Урсула неожиданно выпрямилась.
— Мне здесь все ненавистно, — заявила она. — Ненавижу снег — он такой неестественный, и свет он отбрасывает неестественный — какое-то мертвенно-призрачное очарование, и чувства в людях вызывает ненатуральные.
Беркин лежал, посмеивался и размышлял.
— Что ж, можно уехать, — сказал он. — Поедем в Верону завтра же, отыщем Ромео и Джульетту, посидим в амфитеатре. Идет?
Урсула смущенно и робко зарылась лицом в его плечо. На кровати лежал абсолютно свободный человек.
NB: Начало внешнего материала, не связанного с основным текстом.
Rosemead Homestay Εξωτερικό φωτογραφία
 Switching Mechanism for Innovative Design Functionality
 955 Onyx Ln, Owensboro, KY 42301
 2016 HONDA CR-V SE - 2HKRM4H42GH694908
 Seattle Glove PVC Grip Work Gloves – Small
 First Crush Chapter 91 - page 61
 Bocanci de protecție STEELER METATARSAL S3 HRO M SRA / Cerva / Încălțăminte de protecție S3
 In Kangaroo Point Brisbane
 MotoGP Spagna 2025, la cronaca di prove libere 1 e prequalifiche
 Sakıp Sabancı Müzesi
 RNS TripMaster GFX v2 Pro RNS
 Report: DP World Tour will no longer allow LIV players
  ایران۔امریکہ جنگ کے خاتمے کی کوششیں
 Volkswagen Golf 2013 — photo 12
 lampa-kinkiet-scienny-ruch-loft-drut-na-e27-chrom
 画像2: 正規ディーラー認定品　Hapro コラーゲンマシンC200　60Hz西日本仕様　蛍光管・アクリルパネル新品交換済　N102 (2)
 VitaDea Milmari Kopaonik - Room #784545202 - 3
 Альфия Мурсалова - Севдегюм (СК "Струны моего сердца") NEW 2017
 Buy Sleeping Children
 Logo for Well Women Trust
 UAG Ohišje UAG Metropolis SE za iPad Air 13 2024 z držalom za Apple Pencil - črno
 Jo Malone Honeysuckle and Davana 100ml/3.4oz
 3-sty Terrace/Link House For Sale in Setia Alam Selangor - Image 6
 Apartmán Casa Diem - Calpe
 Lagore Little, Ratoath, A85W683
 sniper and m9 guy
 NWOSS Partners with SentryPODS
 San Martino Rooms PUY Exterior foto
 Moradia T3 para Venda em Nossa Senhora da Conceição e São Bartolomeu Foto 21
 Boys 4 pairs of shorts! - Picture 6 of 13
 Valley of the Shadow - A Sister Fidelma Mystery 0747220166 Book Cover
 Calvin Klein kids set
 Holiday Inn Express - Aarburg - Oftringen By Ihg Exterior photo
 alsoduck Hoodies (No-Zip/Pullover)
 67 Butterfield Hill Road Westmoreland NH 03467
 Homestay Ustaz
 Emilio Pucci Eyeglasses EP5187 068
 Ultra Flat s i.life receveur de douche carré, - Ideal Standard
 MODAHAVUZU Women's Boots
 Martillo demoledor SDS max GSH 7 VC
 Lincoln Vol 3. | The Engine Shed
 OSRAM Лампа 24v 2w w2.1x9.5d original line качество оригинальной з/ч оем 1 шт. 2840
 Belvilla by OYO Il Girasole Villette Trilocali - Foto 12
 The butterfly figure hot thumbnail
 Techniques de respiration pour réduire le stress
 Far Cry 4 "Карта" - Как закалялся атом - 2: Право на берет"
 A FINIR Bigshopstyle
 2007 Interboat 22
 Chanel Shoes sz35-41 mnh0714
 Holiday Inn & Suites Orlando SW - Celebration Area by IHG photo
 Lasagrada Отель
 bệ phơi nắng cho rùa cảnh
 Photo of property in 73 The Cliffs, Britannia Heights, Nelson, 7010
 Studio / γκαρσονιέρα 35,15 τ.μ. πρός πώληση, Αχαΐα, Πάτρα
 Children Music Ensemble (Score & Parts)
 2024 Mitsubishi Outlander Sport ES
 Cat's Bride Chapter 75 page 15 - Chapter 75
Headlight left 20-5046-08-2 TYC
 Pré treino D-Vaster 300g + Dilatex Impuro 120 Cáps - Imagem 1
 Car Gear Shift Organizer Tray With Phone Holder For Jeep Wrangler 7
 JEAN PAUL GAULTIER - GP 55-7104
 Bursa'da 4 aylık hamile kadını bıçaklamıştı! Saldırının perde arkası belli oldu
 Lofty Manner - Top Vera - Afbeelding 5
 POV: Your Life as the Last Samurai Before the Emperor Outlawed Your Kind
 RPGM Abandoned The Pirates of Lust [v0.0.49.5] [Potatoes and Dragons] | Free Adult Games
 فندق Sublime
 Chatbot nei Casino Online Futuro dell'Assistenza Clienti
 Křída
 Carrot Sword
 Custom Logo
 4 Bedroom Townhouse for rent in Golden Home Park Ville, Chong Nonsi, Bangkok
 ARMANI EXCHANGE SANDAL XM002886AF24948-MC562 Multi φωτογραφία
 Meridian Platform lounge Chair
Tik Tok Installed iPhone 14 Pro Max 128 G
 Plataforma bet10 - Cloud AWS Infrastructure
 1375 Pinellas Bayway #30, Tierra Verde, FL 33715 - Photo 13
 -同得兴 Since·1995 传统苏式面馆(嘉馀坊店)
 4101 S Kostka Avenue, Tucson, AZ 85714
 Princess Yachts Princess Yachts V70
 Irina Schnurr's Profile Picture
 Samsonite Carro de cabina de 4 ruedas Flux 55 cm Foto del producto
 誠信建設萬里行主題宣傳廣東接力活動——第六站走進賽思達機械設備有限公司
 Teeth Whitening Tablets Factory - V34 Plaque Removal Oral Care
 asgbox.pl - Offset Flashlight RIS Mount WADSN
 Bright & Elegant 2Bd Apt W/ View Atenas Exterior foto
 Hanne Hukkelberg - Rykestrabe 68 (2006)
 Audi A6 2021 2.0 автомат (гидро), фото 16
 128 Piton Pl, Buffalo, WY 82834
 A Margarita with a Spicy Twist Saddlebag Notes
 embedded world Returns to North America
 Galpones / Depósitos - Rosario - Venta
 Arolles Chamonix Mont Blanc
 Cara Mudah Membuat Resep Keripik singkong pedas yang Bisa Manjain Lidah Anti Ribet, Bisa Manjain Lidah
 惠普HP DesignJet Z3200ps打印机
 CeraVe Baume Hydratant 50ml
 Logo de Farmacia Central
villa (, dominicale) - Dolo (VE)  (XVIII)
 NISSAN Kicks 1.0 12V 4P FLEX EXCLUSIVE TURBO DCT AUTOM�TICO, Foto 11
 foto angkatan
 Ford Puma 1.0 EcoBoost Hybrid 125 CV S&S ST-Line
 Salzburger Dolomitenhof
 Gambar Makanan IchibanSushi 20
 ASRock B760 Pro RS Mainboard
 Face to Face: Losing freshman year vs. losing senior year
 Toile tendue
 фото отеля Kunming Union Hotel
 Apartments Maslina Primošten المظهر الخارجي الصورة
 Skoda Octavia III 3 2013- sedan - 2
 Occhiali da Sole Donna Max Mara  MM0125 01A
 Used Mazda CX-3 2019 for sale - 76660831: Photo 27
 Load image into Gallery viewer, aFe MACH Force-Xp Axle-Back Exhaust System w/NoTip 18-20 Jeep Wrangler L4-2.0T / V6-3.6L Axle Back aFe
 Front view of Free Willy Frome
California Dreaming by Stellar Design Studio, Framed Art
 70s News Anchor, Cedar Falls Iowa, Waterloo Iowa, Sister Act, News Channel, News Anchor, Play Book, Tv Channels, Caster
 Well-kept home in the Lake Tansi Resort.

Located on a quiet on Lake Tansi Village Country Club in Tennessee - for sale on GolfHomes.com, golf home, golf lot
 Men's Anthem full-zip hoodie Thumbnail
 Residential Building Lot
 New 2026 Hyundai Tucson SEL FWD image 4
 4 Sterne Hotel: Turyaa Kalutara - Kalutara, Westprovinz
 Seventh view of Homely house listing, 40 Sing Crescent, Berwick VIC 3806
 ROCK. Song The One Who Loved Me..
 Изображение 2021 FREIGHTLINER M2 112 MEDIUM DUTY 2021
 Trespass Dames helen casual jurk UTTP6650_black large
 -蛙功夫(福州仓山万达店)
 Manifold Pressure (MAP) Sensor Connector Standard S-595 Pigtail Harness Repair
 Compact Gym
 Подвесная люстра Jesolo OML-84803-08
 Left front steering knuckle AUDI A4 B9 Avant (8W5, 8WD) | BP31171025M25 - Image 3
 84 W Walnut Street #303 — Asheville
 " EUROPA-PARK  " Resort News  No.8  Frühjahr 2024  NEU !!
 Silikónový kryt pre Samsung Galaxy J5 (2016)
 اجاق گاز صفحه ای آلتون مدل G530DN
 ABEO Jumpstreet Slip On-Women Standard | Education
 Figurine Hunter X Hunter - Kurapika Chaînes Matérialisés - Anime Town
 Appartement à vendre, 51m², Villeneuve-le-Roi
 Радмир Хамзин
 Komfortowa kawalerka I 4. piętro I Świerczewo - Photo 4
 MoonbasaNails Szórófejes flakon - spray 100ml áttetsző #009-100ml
— Идет, — ответила она, чувствуя огромное облегчение. Ее душа словно обрела новые крылья — теперь, когда она увидела, что он открыт остальному миру. — Мы сами станем Ромео и Джульеттой. О, любимый!
— Но сейчас в Вероне дуют холодные ветры с Альп, — заметил Беркин. — Мы будем вдыхать запах снега.
Урсула выпрямилась и посмотрела ему в глаза.
— Так ты рад, что уезжаешь? — с тревогой спросила она.
Непроницаемые глаза его смеялись. Урсула уткнулась лицом в мужскую шею и, прижимаясь к нему, взмолилась:
— Не смейся надо мной, не смейся!
— Это еще почему? — рассмеялся Беркин, обнимая ее.
— Не хочу, чтобы надо мной смеялись, — прошептала она.
Целуя нежные, пахнущие дорогими духами волосы, он продолжал смеяться.
— Ты любишь меня? — спросила Урсула шепотом — очень серьезно.
— Да, — смеясь, ответил Беркин.
Неожиданно она подняла губы для поцелуя. Ее губы напряженные, подрагивающие, тугие, его — мягкие, сильные, нежные. Поцелуй длился несколько мгновений. Тень печали накрыла его душу.
— Твои губы такие жесткие, — сказал он с легким упреком.
— А твои — мягкие и нежные, — радостно отозвалась она.
— Почему ты всегда их сжимаешь? — с сожалением спросил Беркин.
— Не обращай внимания, — быстро ответила она. — Просто привычка.